Credit: GETTY

The traditional classification of chromatin into transcriptionally active euchromatin and repressed heterochromatin has been a useful model but is due for an upgrade to accommodate our increasing knowledge of chromatin functional domains. A massive integrative genome-wide analysis of 53 chromatin-associated proteins in Drosophila melanogaster has revealed that chromatin comes in five principal types; these could form a new framework for describing the epigenome.

chromatin comes in five principal types; these could form a new framework for describing the epigenome.

Filion and colleagues selected a broad panel of proteins from the chromatin proteome and mapped their genomic locations in an embryonic D. melanogaster cell line using the DamID method. In this technique, each protein of interest is fused to DNA adenine methyltransferase (Dam), which marks protein–DNA interaction sites with a methyladenine footprint. The authors then used a data-driven computational classification strategy to identify recurrent, distinct combinations of protein association across the genome. Genomic regions — varying in length from 1 kb to more than 100 kb — fell into five clear classes as defined by their protein signature, and the authors gave each a colour name.

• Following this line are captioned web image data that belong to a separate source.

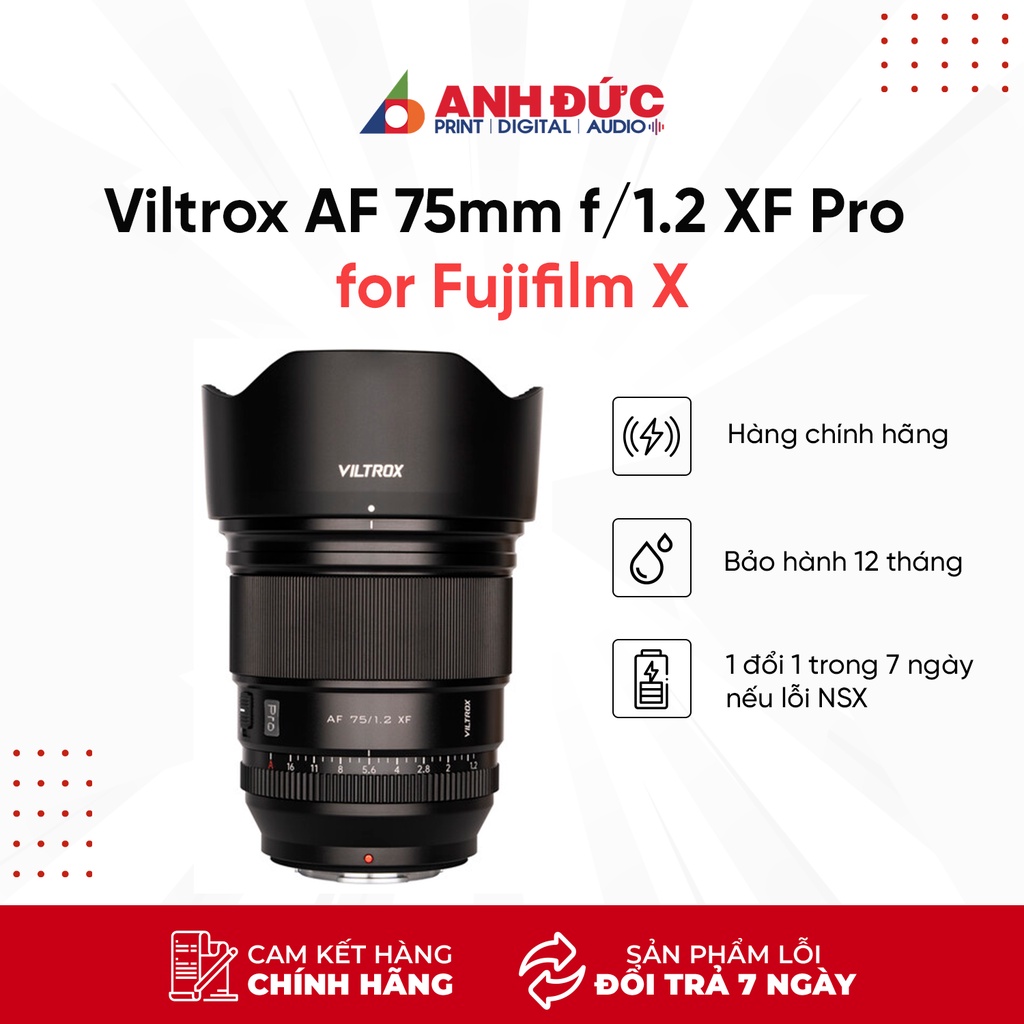 Ống kính Viltrox AF 75mm F1.2 XF for Fujifilm X New 100% - Hàng chính hãng BH 12 tháng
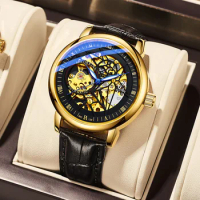 MG.ORKINA watches fully automatic belt fashion mechanical watch hollow waterproof luminous watch leather band Wristwatch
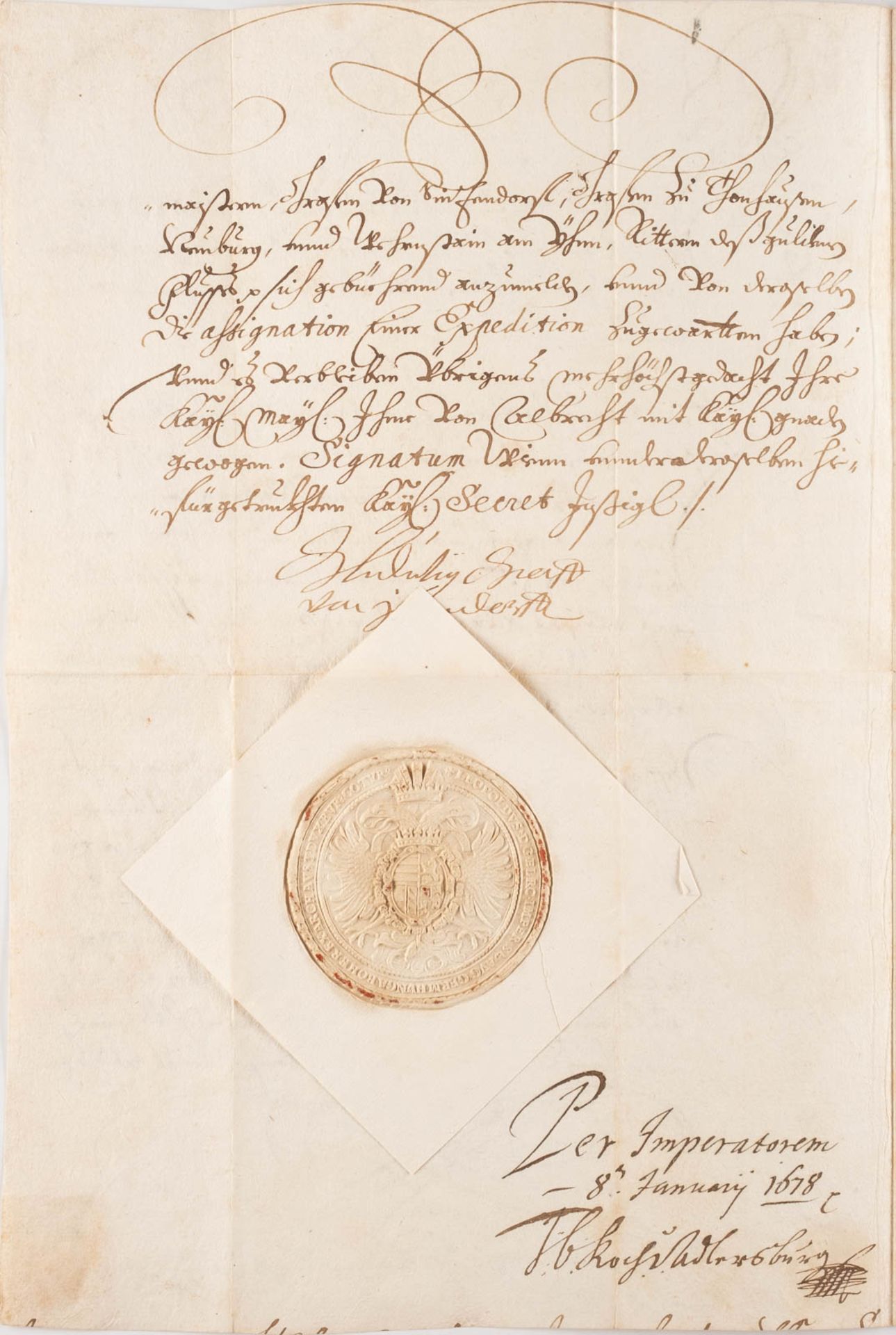 AUTOGRAPH IM NAMEN KAISER LEOPOLD I. Dat. 8. Januar 1678 Tinte auf Papier; mehrfach gefaltet; mit - Image 2 of 3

The GREEN and BLUE chromatin classes are consistent with two previously defined types of repressive chromatin: 'classic' heterochromatin that includes heterochromatin protein 1 (HP1) (GREEN chromatin) and polycomb group (PcG)-associated chromatin (BLUE chromatin). Using chromatin immunoprecipitation, Filion et al. also found that the histone modifications in GREEN and BLUE regions matched previous knowledge of these heterochromatin subtypes.

Strikingly, the authors found that the most abundant form of repressive chromatin, which covers 48% of the genome and can form large (>100 kb) domains, was a new type (designated BLACK). Although BLACK chromatin domains are relatively gene poor, they contain >4,000 genes that Filion et al. showed to have no or very little transcriptional activity. Reporter transgenes inserted into BLACK regions are often repressed, which suggests that BLACK chromatin actively represses transcription. Genes that are in silent BLACK chromatin in embryonic cells are expressed in some other tissues, so the authors suggest this form of chromatin might be linked, at least in part, to developmental regulation.

The classification of the DamID data also showed that euchromatin consists of two distinct types. YELLOW and RED chromatin both contain proteins and histone modifications that are typical of transcriptionally active regions and produce substantial amounts of mRNA, but RED chromatin carries several regulatory proteins that are unique to this chromatin, including the nucleosome remodeller Brahma. Also, histone H3 trimethylated at lysine 36, which has previously been described as a universal marker of transcriptional elongation, was highly enriched at genes in YELLOW but not in RED chromatin, despite similar levels of transcription. Interestingly, these two types of active chromatin might reflect distinct regulatory mechanisms for different types of genes: genes in YELLOW chromatin are predominantly widely expressed and have housekeeping cellular functions, whereas genes in RED chromatin are more specialized.

Chromatin-associated proteins are broadly conserved among species, so it is likely that this classification will be widely applicable. Further investigation of the new domain types should provide a more nuanced view of how chromatin helps to control gene expression.